Giving Thanks Through the Water

Giving thanks through the water

Today is Easter and in this season, filled with hope, rebirth, baptism, and the liturgical color of gold, it feels fitting to share a journal entry I started writing the night my youngest daughter was born. After a harried 24 hours with an extremely fast labor, equally fast removal of Doe to the nursery for oxygen, then to the NICU for an unspecified amount of time (it ended up being 9 days),  I was finally able to take my first postpartum shower (an event which I’m sure many mamas can attest can feel close to holy). Mossy and Posey were tending the home fires for me, the visitors had all gone home, and I sat on the stool in the hospital shower at midnight by myself in complete silence for close to two hours, letting the water soothe my sore muscles and lull me into this trancelike reflection (aided, I’m sure, by sleep deprivation and the postpartum hormonal rollercoaster).

It’s an absolute miracle that any of us exist. The act of giving birth– producing life from the warm, safe, waters of the womb is amazing. Water itself is central to so many of my favorite rituals and places —the ocean, a bath, a baptism, a cup of tea, rivers, lakes, rain . . .

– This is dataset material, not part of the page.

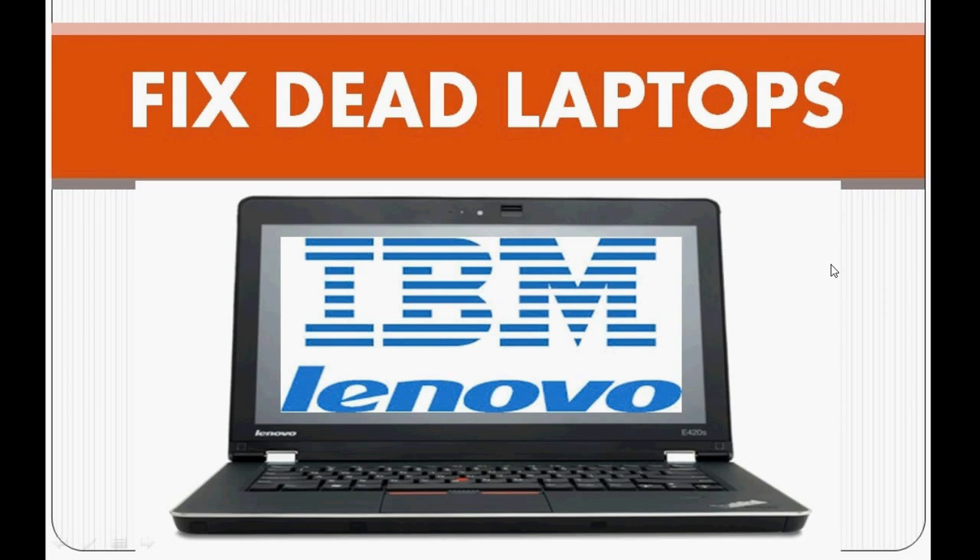Such laptops are called 'dead laptops' and it happens due to static discharging. This is a very common problem in Lenovo and IBM laptops. If you have a Lenovo or IBM laptop, no need to worry — they have given a secret code to make the laptop working again, which I am going to tell you.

Our bodies are simultaneously incredibly fragile yet so strong. My newly postpartum body in its saggy, stretch-marked, distorted, aching state is equally beautiful, resilient, and capable. As I soak in the streams of hot water, I thank my body over and over for all of the hard work it does – not only in a monumental effort like childbirth – but day to day as it carries me around, climbing in and out of cars, working in the garden, walking up and down the sidewalks of my small town, kneeling in church, bending to pick up my heavy preschooler, flexing minuscule muscles in my fingers to pluck the strings of my instruments, and on and on. I’ve grown up with a distrust of my body due to health issues that have prevented me from being able to run, play sports, or even turn certain ways without risking a sprain or dislocation and I have a heart condition that makes me extra sensitive to stimulants, stress, and fatigue. None of these ailments are debilitating by themselves and I feel very lucky have a working, healthy body most days. Many people aren’t granted that luxury. However, growing up with injuries that could spring up out of the blue and stick me with bandages, braces, and crutches for weeks at a time trained me to doubt my body.

I walk with a sort of tentativeness that feels a little like walking on eggshells. I haven’t run since I was 8 years old. I’m protective and guarded with my movements because I know that simply stretching the wrong way in the morning could trigger a shoulder dislocation. I’m getting closer to 40, so my physical quirks are mostly unconscious now and don’t command my attention until I have a careless moment where I accidentally overextend myself and incur an injury. My heart condition is the reason we delivered in a hospital rather than a birth center or at home. It was a precaution we took so that I could have the medication and support on hand if my heart went haywire. I’ve been extremely lucky that both of my labors have been fast and complication-free. They’ve been two of the rare times in my life that I’ve experienced total confidence and trust in my body. So, I sit in the hot water of the hospital shower and keep thanking it.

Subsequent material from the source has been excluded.